Class BasicIndexer

  • Direct Known Subclasses:
    BasicSinglePassIndexer

    public class BasicIndexer
    extends Indexer
    BasicIndexer is the default indexer for Terrier. It takes terms from each Document object provided by the collection, and adds terms to temporary Lexicons, and into the DirectFile. The documentIndex is updated to give the pointers into the Direct file. The temporary lexicons are then merged into the main lexicon. Inverted Index construction takes place as a second step.
    Properties:
    Author:
    Craig Macdonald & Vassilis Plachouras
    See Also:
    Indexer, BlockIndexer
    • Field Detail

      • termFields

        protected java.util.Set<java.lang.String> termFields
        A private variable for storing the fields a term appears into.
      • termsInDocument

        protected DocumentPostingList termsInDocument
        The structure that holds the terms found in a document.
      • termCodes

        protected TermCodes termCodes
        Mapping of terms 2 termids
      • numOfTokensInDocument

        protected int numOfTokensInDocument
        The number of tokens found in the current document so far/
    • Constructor Detail

      • BasicIndexer

        protected BasicIndexer​(long a,
                               long b,
                               long c)
        Protected do-nothing constructor for use by child classes.

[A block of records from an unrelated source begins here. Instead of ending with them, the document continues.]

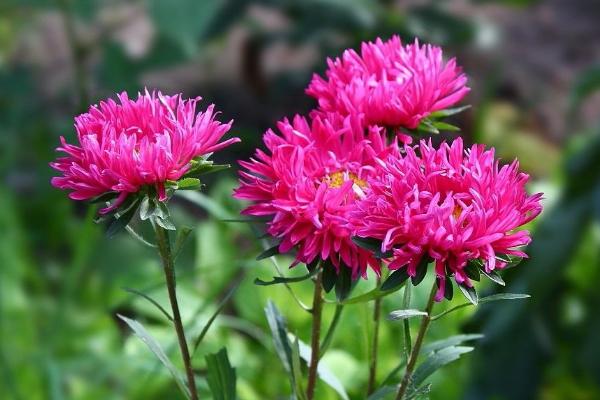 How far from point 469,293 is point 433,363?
114 mm

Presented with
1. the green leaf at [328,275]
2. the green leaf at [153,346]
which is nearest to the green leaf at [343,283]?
the green leaf at [328,275]

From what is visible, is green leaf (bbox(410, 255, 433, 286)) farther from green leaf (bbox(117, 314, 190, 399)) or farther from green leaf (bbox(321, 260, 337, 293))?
green leaf (bbox(117, 314, 190, 399))

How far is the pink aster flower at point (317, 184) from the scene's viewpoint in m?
0.46

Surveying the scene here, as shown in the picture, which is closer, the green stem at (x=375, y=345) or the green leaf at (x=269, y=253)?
the green leaf at (x=269, y=253)

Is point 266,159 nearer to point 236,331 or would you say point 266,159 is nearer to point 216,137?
point 216,137

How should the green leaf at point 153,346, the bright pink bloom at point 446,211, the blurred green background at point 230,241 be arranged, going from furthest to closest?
the blurred green background at point 230,241
the green leaf at point 153,346
the bright pink bloom at point 446,211

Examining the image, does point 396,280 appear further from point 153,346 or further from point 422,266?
point 153,346

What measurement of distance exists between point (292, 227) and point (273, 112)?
1791 millimetres

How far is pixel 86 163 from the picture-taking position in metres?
0.46

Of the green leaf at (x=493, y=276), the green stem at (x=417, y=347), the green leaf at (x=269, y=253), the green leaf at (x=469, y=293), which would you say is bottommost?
the green stem at (x=417, y=347)

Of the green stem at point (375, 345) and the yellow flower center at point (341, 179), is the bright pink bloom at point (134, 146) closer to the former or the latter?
the yellow flower center at point (341, 179)

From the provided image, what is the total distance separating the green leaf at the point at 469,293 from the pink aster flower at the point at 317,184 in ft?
0.15

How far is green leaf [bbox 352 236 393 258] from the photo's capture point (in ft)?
1.42

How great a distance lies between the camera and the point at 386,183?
1.45 feet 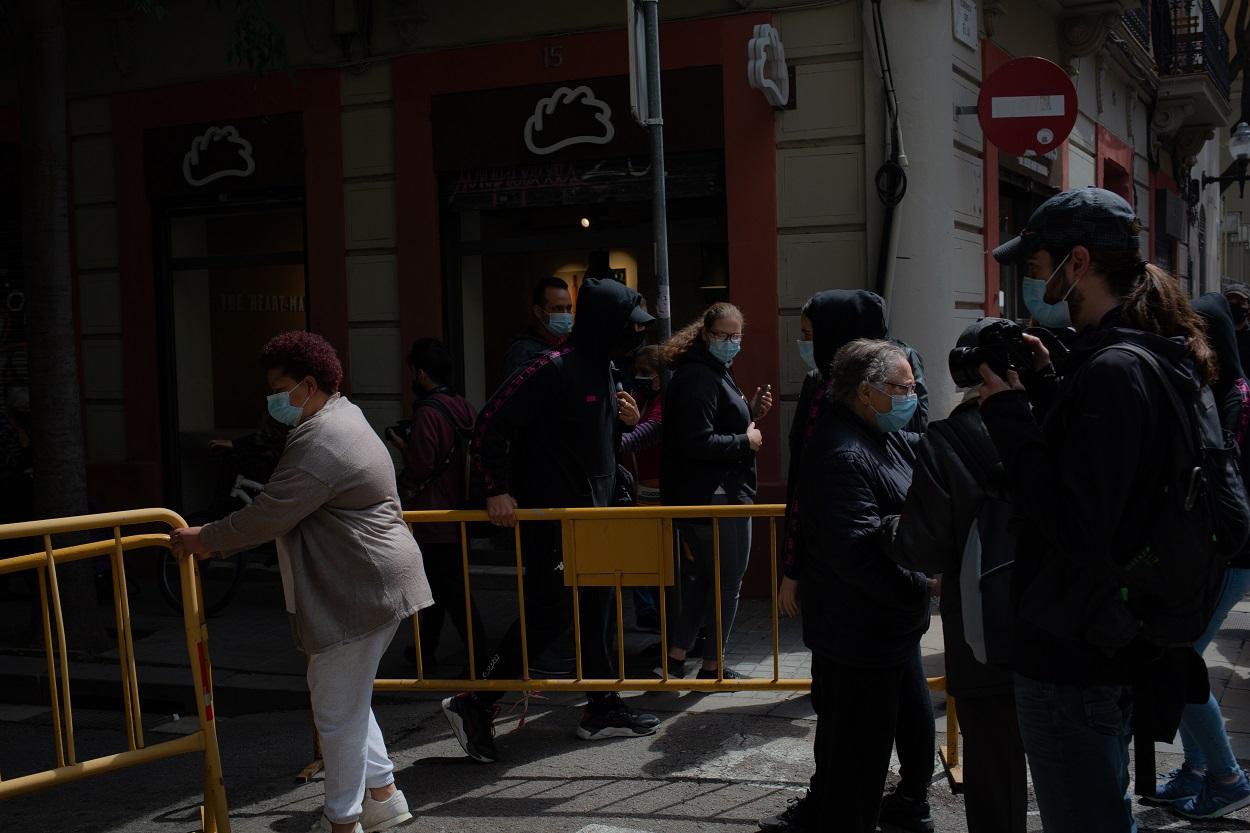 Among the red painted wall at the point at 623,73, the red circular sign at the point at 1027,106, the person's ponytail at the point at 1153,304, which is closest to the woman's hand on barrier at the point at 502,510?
the person's ponytail at the point at 1153,304

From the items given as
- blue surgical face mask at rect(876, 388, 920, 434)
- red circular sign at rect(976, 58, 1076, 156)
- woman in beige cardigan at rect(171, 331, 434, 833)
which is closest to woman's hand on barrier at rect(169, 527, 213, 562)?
woman in beige cardigan at rect(171, 331, 434, 833)

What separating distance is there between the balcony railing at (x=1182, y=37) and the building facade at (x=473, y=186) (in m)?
4.59

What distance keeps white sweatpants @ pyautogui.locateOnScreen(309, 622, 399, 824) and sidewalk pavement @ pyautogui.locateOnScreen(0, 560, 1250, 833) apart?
402 millimetres

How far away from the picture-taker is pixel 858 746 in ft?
12.6

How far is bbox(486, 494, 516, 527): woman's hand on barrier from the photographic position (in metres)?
5.45

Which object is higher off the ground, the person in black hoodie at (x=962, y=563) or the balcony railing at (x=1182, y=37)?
the balcony railing at (x=1182, y=37)

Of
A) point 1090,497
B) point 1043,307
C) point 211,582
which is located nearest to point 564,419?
point 1043,307

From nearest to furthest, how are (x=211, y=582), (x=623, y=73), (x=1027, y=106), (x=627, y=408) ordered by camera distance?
(x=627, y=408)
(x=1027, y=106)
(x=623, y=73)
(x=211, y=582)

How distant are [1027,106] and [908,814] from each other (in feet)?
17.8

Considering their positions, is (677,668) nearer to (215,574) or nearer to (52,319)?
(52,319)

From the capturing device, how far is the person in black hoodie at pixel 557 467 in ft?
18.1

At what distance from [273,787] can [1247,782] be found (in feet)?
12.4

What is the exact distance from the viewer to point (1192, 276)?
2069cm

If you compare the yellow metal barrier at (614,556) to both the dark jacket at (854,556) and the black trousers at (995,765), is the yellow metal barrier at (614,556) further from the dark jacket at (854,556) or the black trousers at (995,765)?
the black trousers at (995,765) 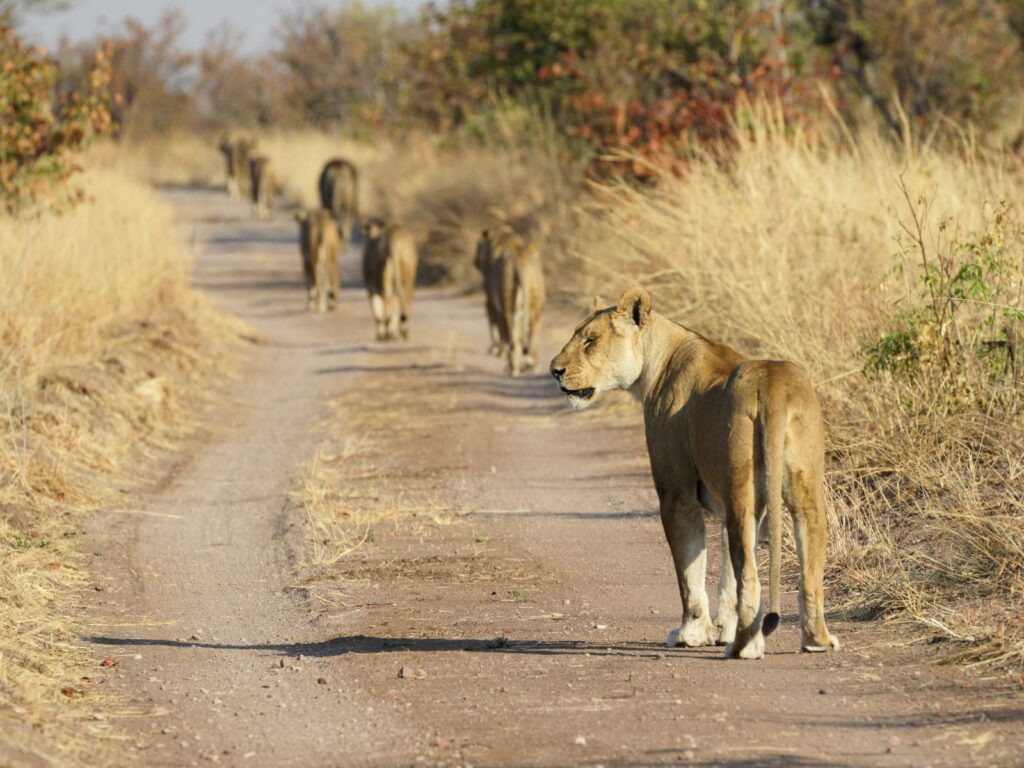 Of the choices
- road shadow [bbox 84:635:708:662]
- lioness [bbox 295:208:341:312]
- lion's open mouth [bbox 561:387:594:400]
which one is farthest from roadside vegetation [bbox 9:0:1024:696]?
lioness [bbox 295:208:341:312]

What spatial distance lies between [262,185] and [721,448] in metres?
31.6

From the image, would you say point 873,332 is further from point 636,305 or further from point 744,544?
point 744,544

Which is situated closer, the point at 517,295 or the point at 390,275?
the point at 517,295

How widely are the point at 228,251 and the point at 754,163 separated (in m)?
18.7

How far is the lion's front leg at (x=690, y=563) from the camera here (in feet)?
22.1

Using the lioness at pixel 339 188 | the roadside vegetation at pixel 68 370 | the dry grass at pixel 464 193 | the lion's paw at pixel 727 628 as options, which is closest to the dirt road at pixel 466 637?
the lion's paw at pixel 727 628

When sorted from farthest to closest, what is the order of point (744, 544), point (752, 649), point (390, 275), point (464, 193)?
point (464, 193), point (390, 275), point (752, 649), point (744, 544)

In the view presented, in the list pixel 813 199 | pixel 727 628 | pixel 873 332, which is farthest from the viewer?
pixel 813 199

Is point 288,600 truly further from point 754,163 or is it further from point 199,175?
point 199,175

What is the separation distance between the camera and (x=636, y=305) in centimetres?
718

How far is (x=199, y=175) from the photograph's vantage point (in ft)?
170

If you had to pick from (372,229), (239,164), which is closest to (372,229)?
(372,229)

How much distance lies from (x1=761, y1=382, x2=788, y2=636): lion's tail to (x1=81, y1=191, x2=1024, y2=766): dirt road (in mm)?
321

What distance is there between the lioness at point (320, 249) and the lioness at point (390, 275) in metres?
3.08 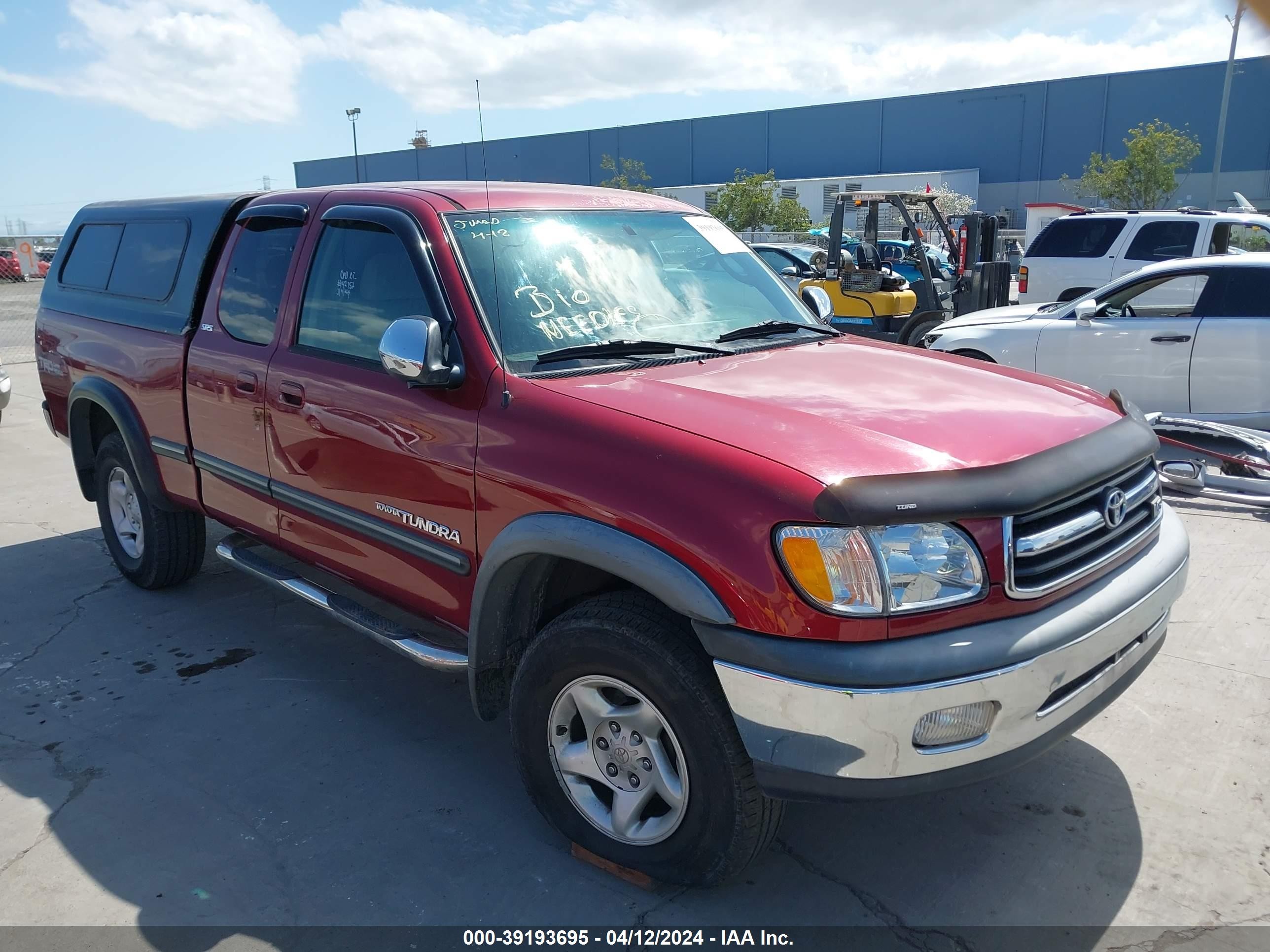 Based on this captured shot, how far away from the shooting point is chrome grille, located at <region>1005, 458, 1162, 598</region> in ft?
8.03

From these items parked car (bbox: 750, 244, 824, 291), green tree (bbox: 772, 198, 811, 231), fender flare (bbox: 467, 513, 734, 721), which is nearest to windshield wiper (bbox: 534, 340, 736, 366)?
fender flare (bbox: 467, 513, 734, 721)

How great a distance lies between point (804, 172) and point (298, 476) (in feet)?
188

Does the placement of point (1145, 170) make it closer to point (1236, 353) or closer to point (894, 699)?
point (1236, 353)

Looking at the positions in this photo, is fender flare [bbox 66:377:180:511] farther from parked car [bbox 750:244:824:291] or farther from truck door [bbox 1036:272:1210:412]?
parked car [bbox 750:244:824:291]

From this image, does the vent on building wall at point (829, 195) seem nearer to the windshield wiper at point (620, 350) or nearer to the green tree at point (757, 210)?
the green tree at point (757, 210)

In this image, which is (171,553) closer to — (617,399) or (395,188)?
(395,188)

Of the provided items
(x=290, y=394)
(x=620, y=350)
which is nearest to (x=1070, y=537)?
(x=620, y=350)

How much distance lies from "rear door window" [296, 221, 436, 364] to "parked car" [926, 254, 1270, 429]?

Classes which use this method must call init()
      • BasicIndexer

        public BasicIndexer​(java.lang.String path,
                            java.lang.String prefix)
        Constructs an instance of a BasicIndexer, using the given path name for storing the data structures.
        Parameters:
        path - String the path where the data structures will be created. This is assumed to be absolute.
        prefix - String the filename component of the data structures
    • Method Detail

      • getEndOfPipeline

        protected TermPipeline getEndOfPipeline()
        Returns the end of the term pipeline, which corresponds to an instance of either BasicIndexer.BasicTermProcessor, or BasicIndexer.FieldTermProcessor, depending on whether field information is stored.
        Specified by:
        getEndOfPipeline in class Indexer
        Returns:
        TermPipeline the end of the term pipeline.
      • createDirectIndex

        public void createDirectIndex​(Collection[] collections)
        Creates the direct index, the document index and the lexicon. Loops through each document in each of the collections, extracting terms and pushing these through the Term Pipeline (eg stemming, stopping, lowercase).
        Specified by:
        createDirectIndex in class Indexer
        Parameters:
        collections - Collection[] the collections to be indexed.
      • indexDocument

        protected void indexDocument​(java.util.Map<java.lang.String,​java.lang.String> docProperties,
                                     DocumentPostingList _termsInDocument)
                              throws java.lang.Exception
        This adds a document to the direct and document indexes, as well as it's terms to the lexicon. Handled internally by the methods indexFieldDocument and indexNoFieldDocument.
        Parameters:
        docProperties - Map<String,String> properties of the document
        _termsInDocument - DocumentPostingList the terms in the document.
        Throws:
        java.lang.Exception
      • createInvertedIndex

        public void createInvertedIndex()
        Creates the inverted index after having created the direct index, document index and lexicon.
        Specified by:
        createInvertedIndex in class Indexer
      • createDocumentPostings

        protected void createDocumentPostings()
        Hook method that creates the right type of DocumentTree class.
      • finishedInvertedIndexBuild

        protected void finishedInvertedIndexBuild()
        Hook method, called when the inverted index is finished - ie the lexicon is finished
        Overrides:
        finishedInvertedIndexBuild in class Indexer